Oh, and she's clicker/positive re-enforcement only trained.


----------



## Mrs.K (Jul 14, 2009)

Yes it does but I would start slowly. 

I went through that with my male who used to be abused and he has gained a lot of confidence. It will take time though. In the beginning we didn't do more than five minutes of training. To many it doesn't make sense to drive all the way to the Class and than quit after five minutes but it is important that the dog gains confidence. 

At first I didn't do anything at all. I went on the training premises and he was allowed to look around and to get used to the premises. We did that two times. Than we started doing Obedience and Agility. 

Most importantly do not put your dog under any pressure. Once he's succesfull mastered something, quit!
Give him the feeling of success, it needs to be a Key moment for the dog and you will see that with every day that passes by the dog earns more and more confidence. 

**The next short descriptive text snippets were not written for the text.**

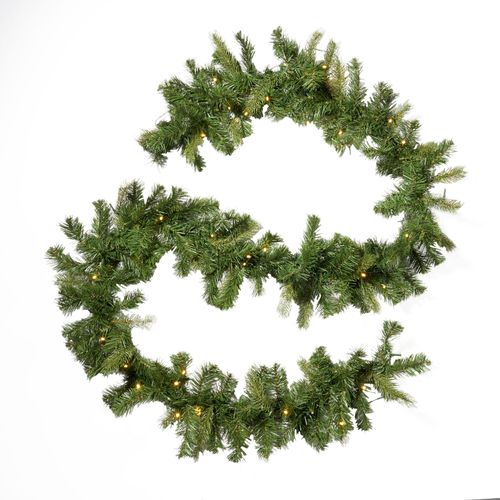Noble House - 9-foot Mixed Spruce Pre-Lit Warm White LED Artificial Christmas Garland - Green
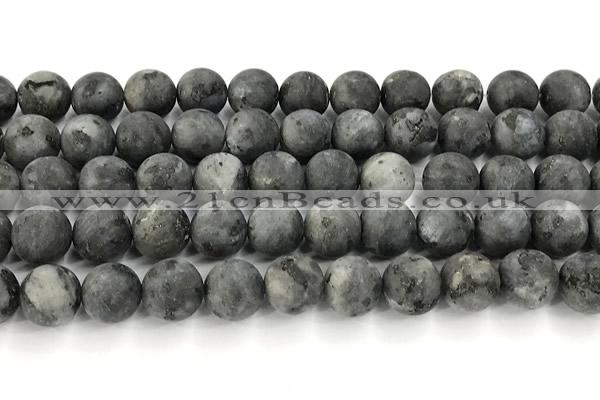 CLB1198 15 inches 10mm round matte black labradorite beads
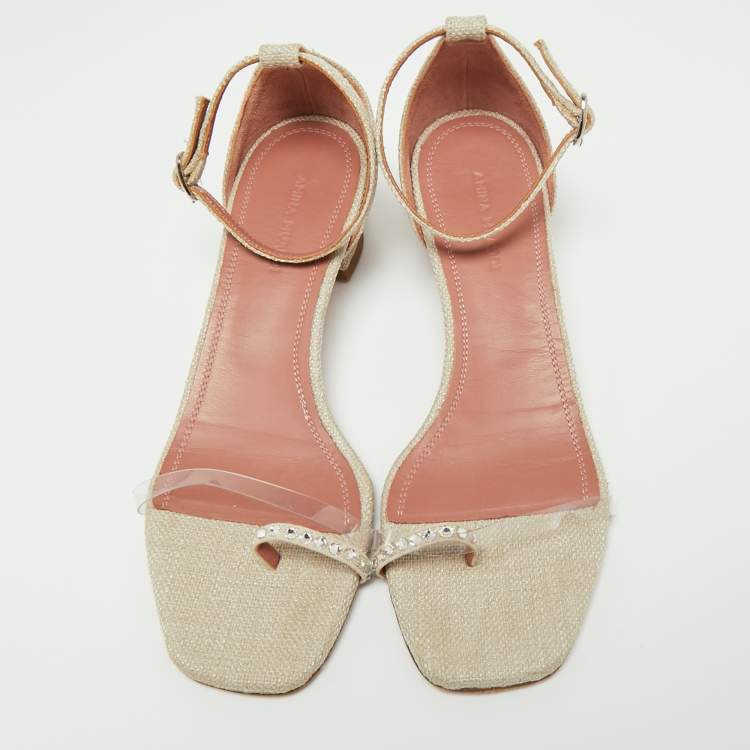 مملوكة مسبقًا Amina Muaddi Beige Canvas, PVC and Crystal Embellished Suede Oya Ankle Strap Sandals Size 37
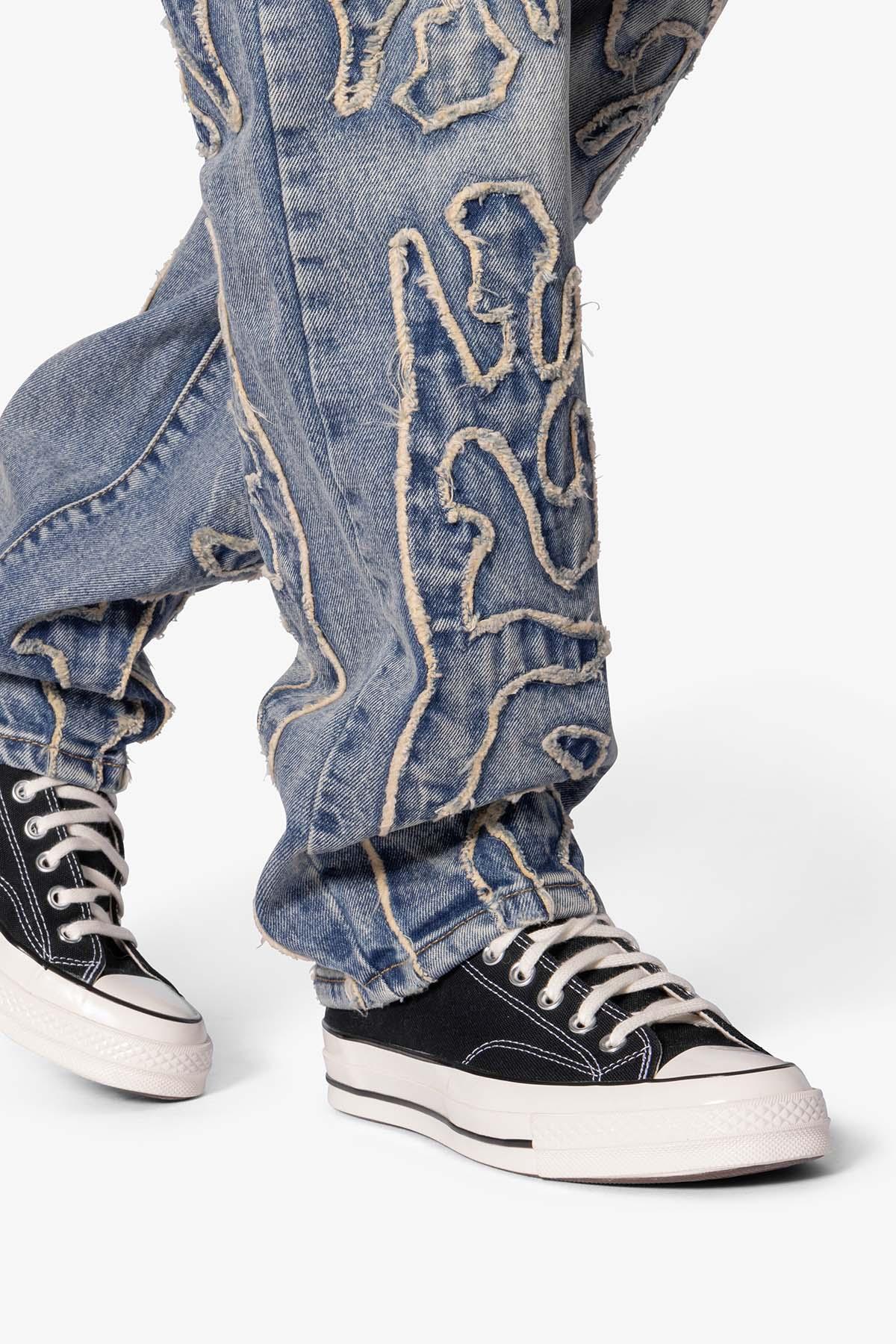 V691 Western Baggy Denim - Blue Product Image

No pressure, only success stories for the dog and lots of fun. But don't rush. Time and lots of patience is the key.


----------



## MaggieRoseLee (Aug 17, 2001)

I've known alot of dogs that get more confidence with agility classes. Specially with good instructors and clicker training. Really sets up the dog to be 'right' so frequently they start thinking they are Rocket Scientists and can do ANYTHING! (and they usually can  )


----------



## Rerun (Feb 27, 2006)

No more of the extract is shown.